Problem description: Could you return all of the entries below exactly, minus the pictures?

Entries shown:
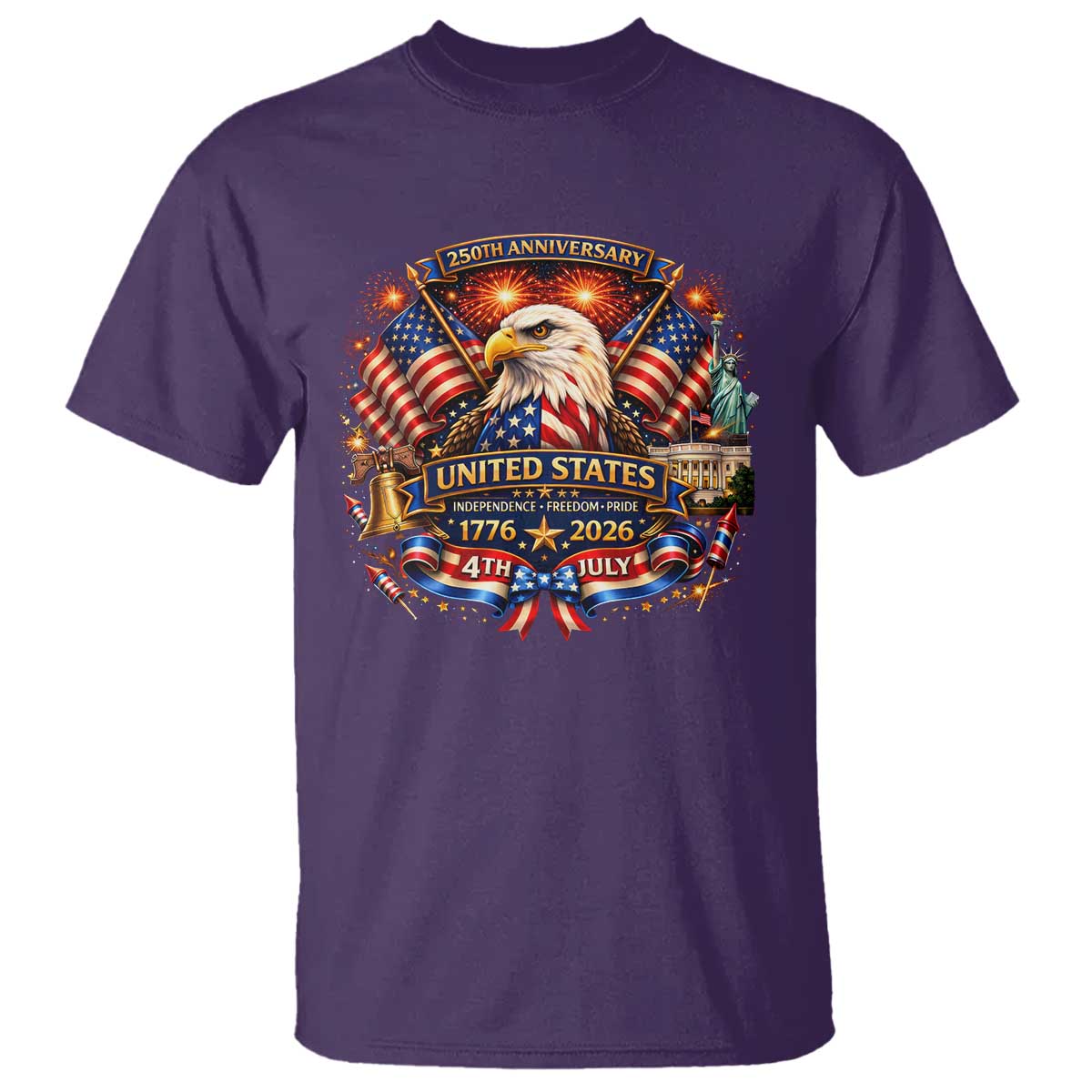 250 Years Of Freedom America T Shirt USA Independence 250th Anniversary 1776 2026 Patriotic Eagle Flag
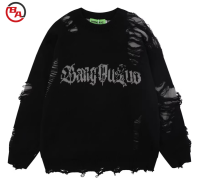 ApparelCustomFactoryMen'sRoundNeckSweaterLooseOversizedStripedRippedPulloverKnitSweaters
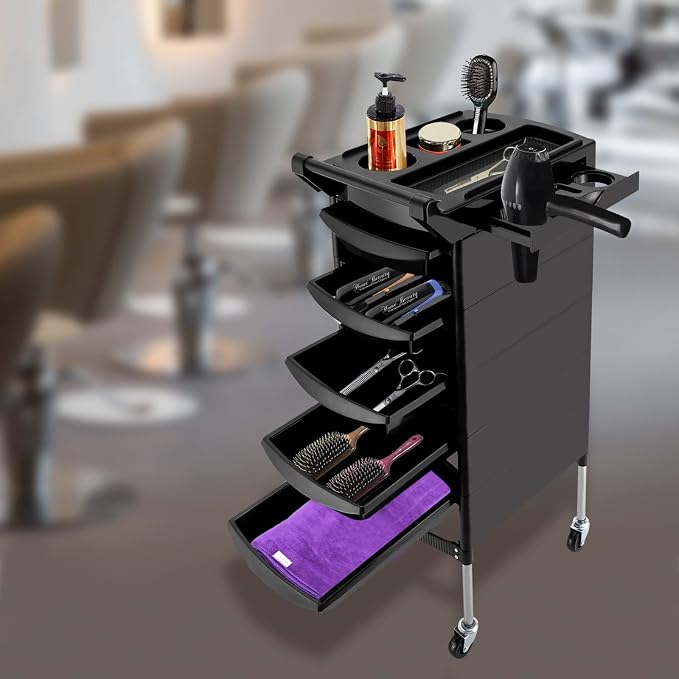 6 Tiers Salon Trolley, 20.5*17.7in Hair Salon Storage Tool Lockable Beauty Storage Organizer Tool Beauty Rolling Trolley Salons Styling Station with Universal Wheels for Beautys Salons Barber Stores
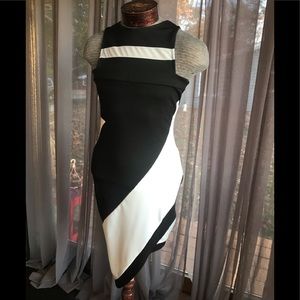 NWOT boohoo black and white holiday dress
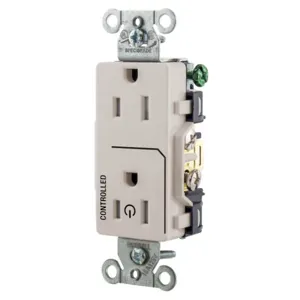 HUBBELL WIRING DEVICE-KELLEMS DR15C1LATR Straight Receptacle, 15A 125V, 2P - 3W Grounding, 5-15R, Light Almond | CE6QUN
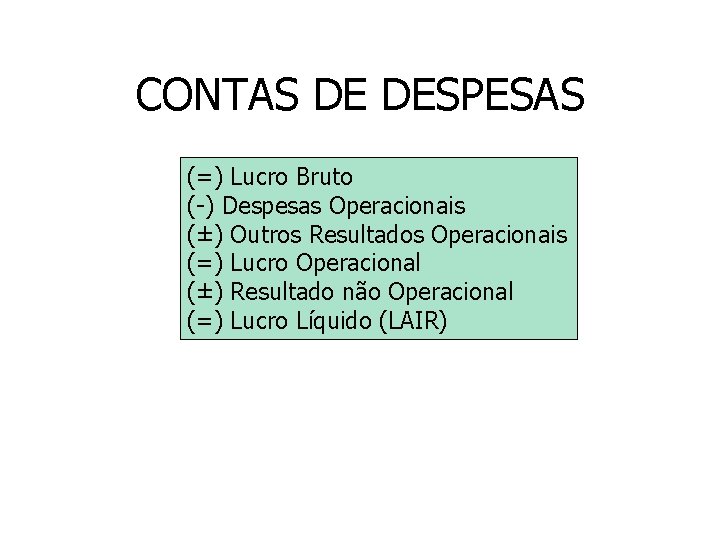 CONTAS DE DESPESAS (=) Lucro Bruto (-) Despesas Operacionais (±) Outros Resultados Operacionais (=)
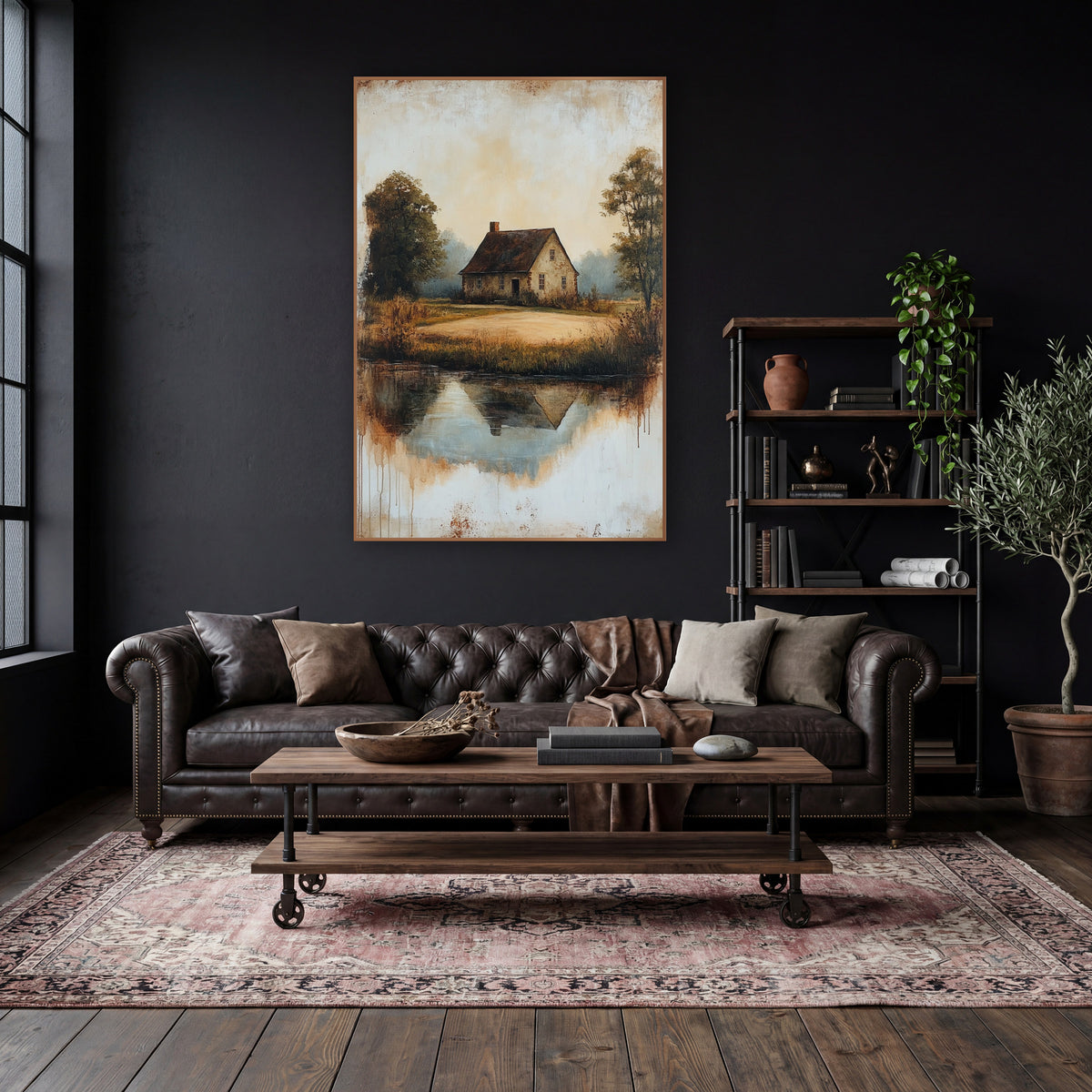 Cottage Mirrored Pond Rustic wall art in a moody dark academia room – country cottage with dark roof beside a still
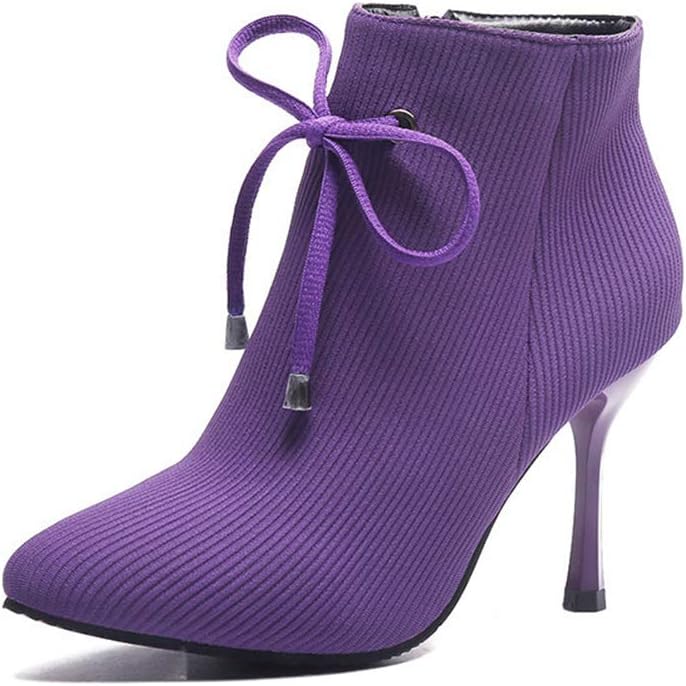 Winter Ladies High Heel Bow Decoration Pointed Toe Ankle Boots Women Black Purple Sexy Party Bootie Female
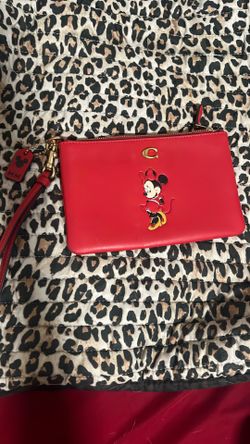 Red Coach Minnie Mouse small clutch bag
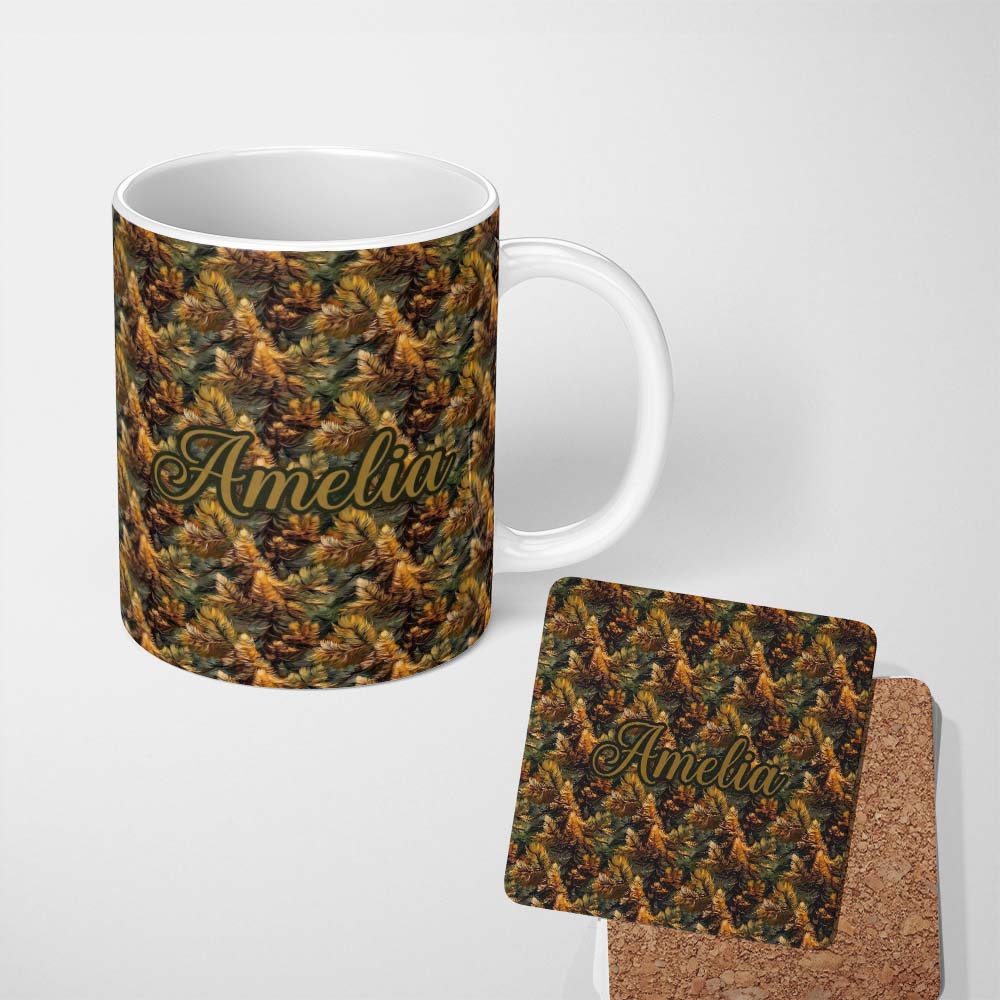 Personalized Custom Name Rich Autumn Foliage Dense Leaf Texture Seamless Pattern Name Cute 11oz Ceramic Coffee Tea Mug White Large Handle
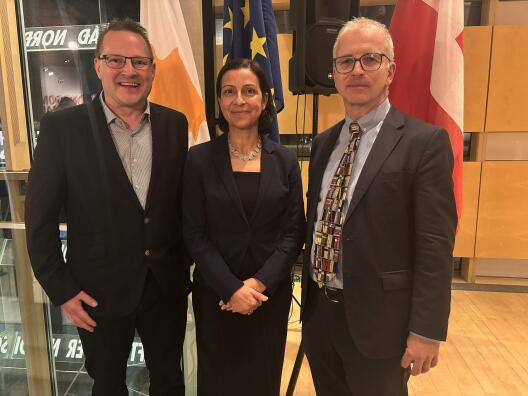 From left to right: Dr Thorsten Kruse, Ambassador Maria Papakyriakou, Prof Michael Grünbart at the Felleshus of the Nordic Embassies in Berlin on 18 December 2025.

Answer space:
 250 Years Of Freedom America T Shirt USA Independence 250th Anniversary 1776 2026 Patriotic Eagle Flag
 ApparelCustomFactoryMen'sRoundNeckSweaterLooseOversizedStripedRippedPulloverKnitSweaters
 6 Tiers Salon Trolley, 20.5*17.7in Hair Salon Storage Tool Lockable Beauty Storage Organizer Tool Beauty Rolling Trolley Salons Styling Station with Universal Wheels for Beautys Salons Barber Stores
 NWOT boohoo black and white holiday dress
 HUBBELL WIRING DEVICE-KELLEMS DR15C1LATR Straight Receptacle, 15A 125V, 2P - 3W Grounding, 5-15R, Light Almond | CE6QUN
 CONTAS DE DESPESAS (=) Lucro Bruto (-) Despesas Operacionais (±) Outros Resultados Operacionais (=)
 Cottage Mirrored Pond Rustic wall art in a moody dark academia room – country cottage with dark roof beside a still
 Winter Ladies High Heel Bow Decoration Pointed Toe Ankle Boots Women Black Purple Sexy Party Bootie Female
 Red Coach Minnie Mouse small clutch bag
 Personalized Custom Name Rich Autumn Foliage Dense Leaf Texture Seamless Pattern Name Cute 11oz Ceramic Coffee Tea Mug White Large Handle
 From left to right: Dr Thorsten Kruse, Ambassador Maria Papakyriakou, Prof Michael Grünbart at the Felleshus of the Nordic Embassies in Berlin on 18 December 2025.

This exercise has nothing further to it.